His opponent, the Conservative leader Andrew Scheer, will criticize the government as profligate, citing high government deficits. He’ll paint Mr. Trudeau as fickle and out-of-touch with average Canadians — someone more willing to apologize for historic wrongs than to admit his own mistakes or to understand what it means to balance the family pocketbook.

And he will try to capitalize on a recent scandal over meddling by Mr. Trudeau and senior Liberals in corruption charges against SNC-Lavalin, one of Canada and Quebec’s few global corporations. But it’s unclear this Liberal headache will swing many votes.

Mr. Trudeau will try, in turn, to link Mr. Scheer with Canada’s unpopular Conservative of the moment: Ontario’s premier, Doug Ford, who rode into office on a populist wave but whose policy upheavals and rhetorical excesses have caused support to plummet. Mr. Ford was even booed at the Toronto Raptors victory rally.

But Mr. Trudeau’s problem is not, ultimately, the relative strength of his opponent. It’s that after four years of low-key success, he may not have given enough Canadians, across enough provinces, enough of a reason to give him another term.

Canada, with a land mass slightly bigger than the United States but a population of only 37 million, is a hard country to govern. Quebec, Mr. Trudeau’s home province, is a distinct society in all but name. Ontario was once an industrial powerhouse but is struggling to emerge from rust-belt status.

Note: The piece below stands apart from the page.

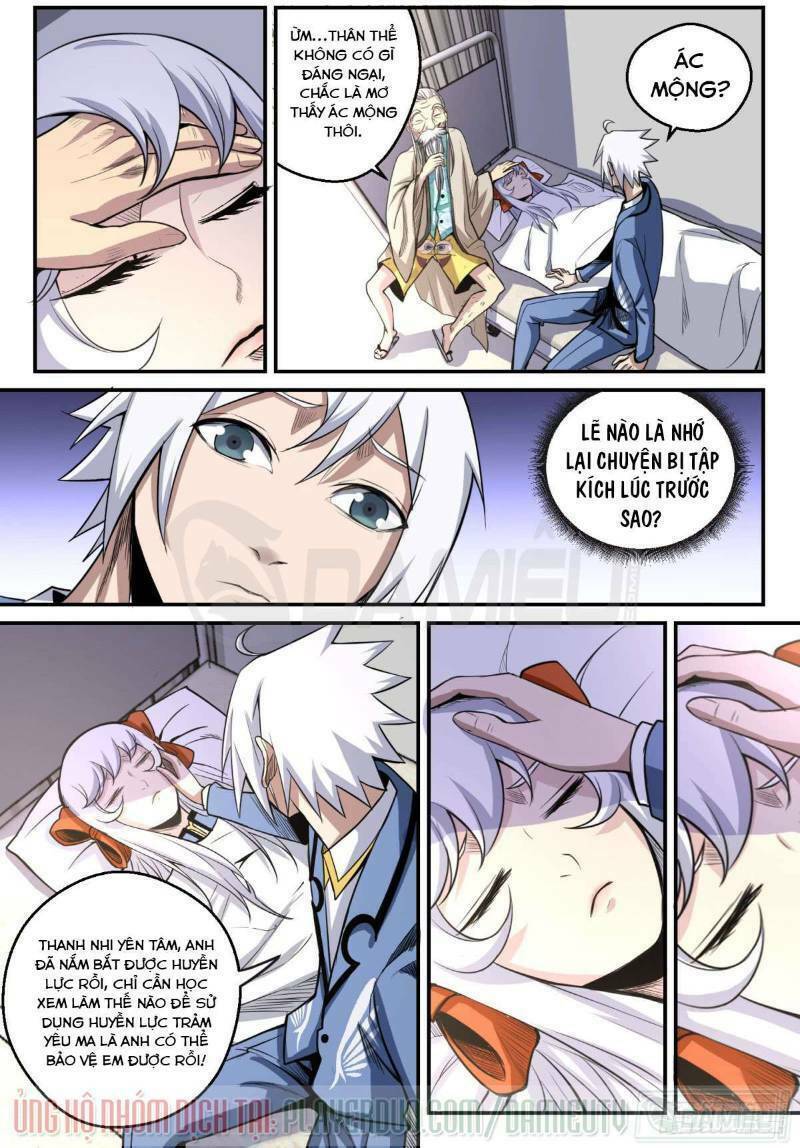 trảm yêu thành thần chapter 12 11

The Maritime Provinces, along the Atlantic, are in long-term decline, while rising Western Canada chafes against the centripetal force of Ontario and Quebec. Mr. Trudeau’s government is weighted toward those traditionally dominant central Canadian provinces, even if it doesn’t think of itself in those terms.

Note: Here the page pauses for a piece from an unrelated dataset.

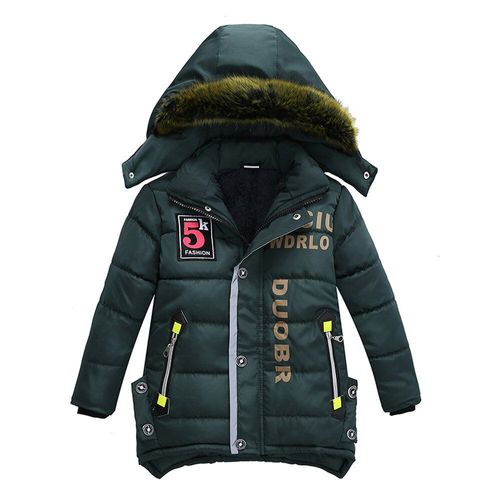 Manteau D'hiver Pour Enfants, Veste Chaude À Capuche, Vêtements De Qualité, Garcon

The result is the kind of brokerage politics that manages some people’s resentments while dissatisfying many others. Take climate change or, specifically, the balance between energy production — the West’s mainstay — and environmental protection.

Amid weak global energy prices and weak private-sector investment, the government bought a pipeline and pipeline expansion project to ship Alberta oil to the Pacific coast and on to Asia, where markets are better for producers than in the United States. But this has won few plaudits in the oil patch, which contends that the government’s environmental sensitivity caused the uncertainty that made nationalization necessary.

Mr. Trudeau has tried to assuage his more liberal base of his environmental bona fides by committing Canada to the Paris climate accords, but they complain that his ensuing carbon tax is set too low to make a difference, even as conservative provincial governments are challenging the very idea of the tax in court on the ground that it treads on provincial jurisdiction. This imbroglio may well cost Mr. Trudeau some of the few seats he holds in Western Canada, to the benefit of his Conservative opponents.

Canadian elections still turn on Quebec, where Mr. Trudeau appears dominant, and especially Ontario, where Mr. Trudeau is at the very least competitive with the Conservatives. But even there, Mr. Trudeau may be weakened by the left. The Green Party has made inroads with the sort of liberal urban voters who should be part of his base.

Mr. Trudeau’s inability to translate his global glamour into electoral excitement at home, combined with his failure to solve the riddle of Canadian politics, means that for all his success in office, he is unlikely to win outright on Election Day. Instead, he will probably end up bargaining with opponents to keep power.

That’s what Pierre Trudeau did in 1972 to survive. Two years later, he won the first of two more majority governments, ruling for nine of the next 10 years. Justin Trudeau knows that history too.

Drew Fagan is a professor at the Munk School of Global Affairs and Public Policy at the University of Toronto.